行政機関等に係る申請、届出その他の手続に関し、適切な管理の下に個人等を識別するための番号を利用し、行政の効率化・スリム化を図るための「行政手続における特定の個人を識別するための番号の利用等に関する法律案(通称「マイナンバー法」)」が、第183回通常国会で可決成立しました。
■マイナンバー法の概要
◎基本理念
個人番号及び法人番号の利用に関する施策の推進は、個人情報の保護に十分に配慮しつつ、社会保障、税、災害対策に関する分野における利用の促進を図るとともに、他の行政分野及び行政分野以外の国民の利便性の向上に資する分野における利用の可能性を考慮して行う。
◎個人番号
・市町村長は、法定受託事務として、住民票コードを変換して得られる個人番号を指定し、通知カードにより本人に通知。盗用、漏洩等の被害を受けた場合等に限り変更可。中長期在留者、特別永住者等の外国人住民も対象。
・個人番号の利用範囲を法律に規定。(ア)国・地方の機関での社会保障分野、国税・地方税の賦課徴収及び災害対策等に係る事務での利用、(イ)当該事務に係る申請・届出等を行う者(代理人・受託者を含む。)が事務処理上必要な範囲での利用、(ウ)災害時の金融機関での利用に限定。
・番号法に規定する場合を除き、他人に個人番号の提供を求めることは禁止。本人から個人番号の提供を受ける場合、個人番号カードの提示を受ける等の本人確認を行う必要。
◎個人番号カード
・市町村長は、顔写真付きの個人番号カードを交付。
・政令で定めるものが安全基準に従って、ICチップの空き領域を本人確認のために利用。(民間事業者については、当分の間、政令で定めないものとする。
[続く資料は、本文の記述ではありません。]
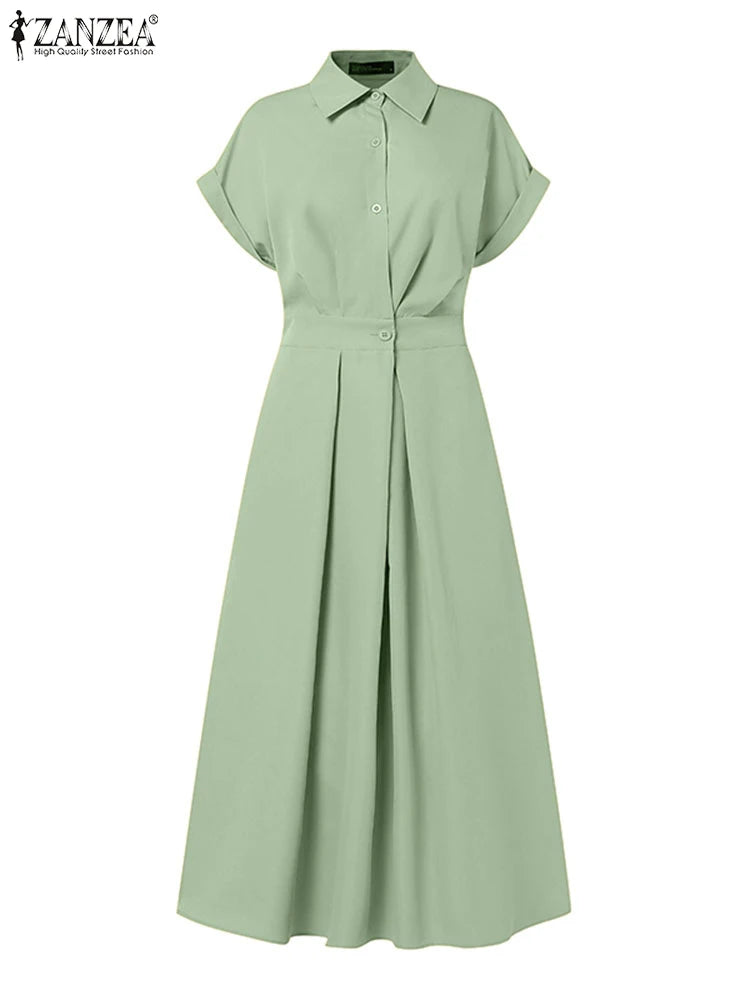 Short Sleeve Button-Down A-Line Midi Dress | Wovetsa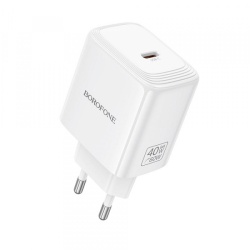 Incarcator Retea Borofone BN33 Fuente, 40W, 1 x USB-C, Alb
)
◎個人情報保護
・番号法の規定によるものを除き、特定個人情報(個人番号付きの個人情報)の収集・保管、特定個人情報ファイルの作成を禁止。
・特定個人情報の提供は原則禁止。ただし、行政機関等は情報提供ネットワークシステムでの提供など番号法に規定するものに限り可能。
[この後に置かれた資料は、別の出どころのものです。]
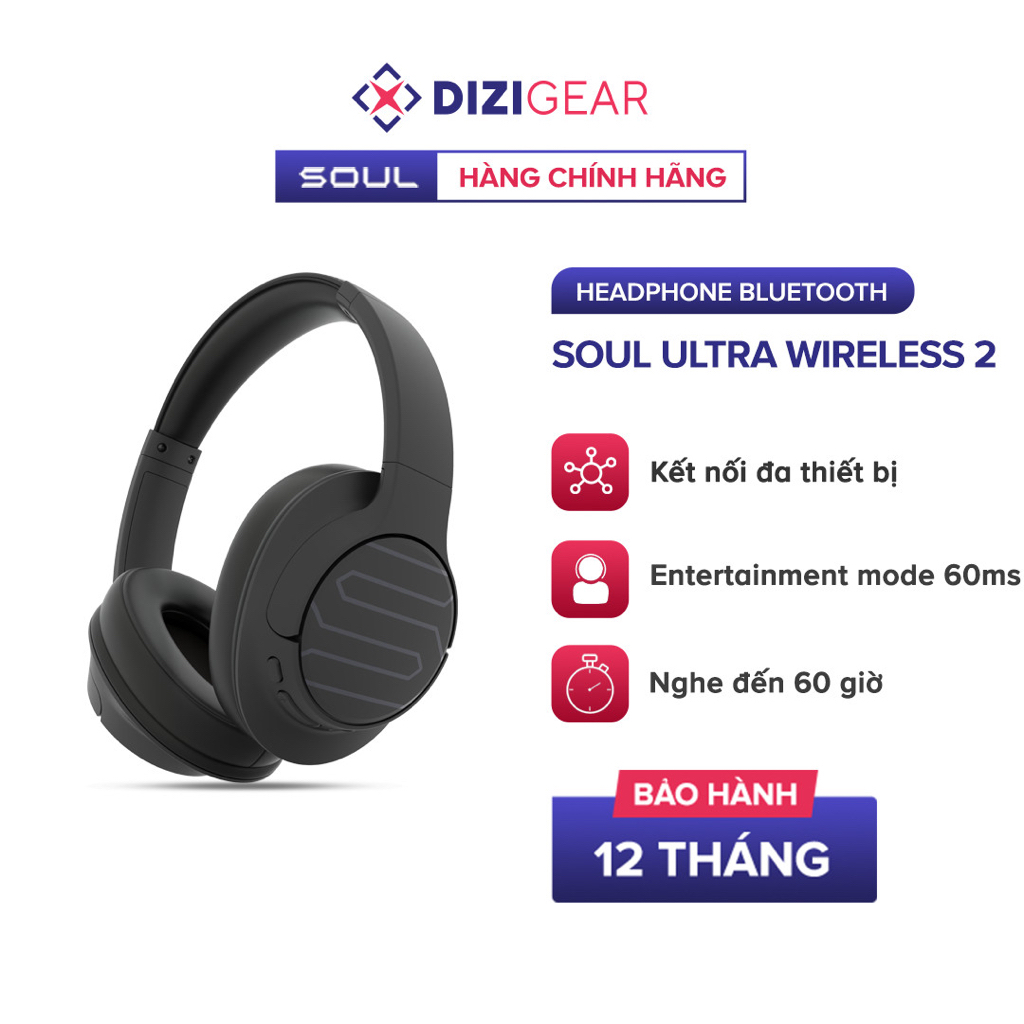 Headphone Bluetooth Soul Ultra Wireless 2, BT 5.2, Low Latency 60ms, Nghe Đến 60 Giờ - Chính Hãng BH 12 Tháng Dizigear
・民間事業者は情報提供ネットワークシステムを使用できない。
・情報提供ネットワークシステムでの情報提供を行う際の連携キーとして個人番号を用いないなど、個人情報の一元管理ができない仕組みを構築。
・国民が自宅のパソコンから情報提供等の記録を確認できる仕組み(マイ・ポータル)の提供、特定個人情報保護評価の実施、特定個人情報保護委員会の設置、罰則の強化など、十分な個人情報保護策を講じる。
◎法人番号
・国税庁長官は、法人等に法人番号を通知。法人番号は原則公表。民間での自由な利用も可。
◎検討等
・法施行後3年を目途として、個人番号の利用範囲の拡大について検討を加え、必要と認めるときは、国民の理解を得つつ、所要の措置を講ずる。
・法施行後1年を目途として、特定個人情報保護委員会の権限の拡大等について検討を加え、その結果に基づいて所要の措置を講ずる。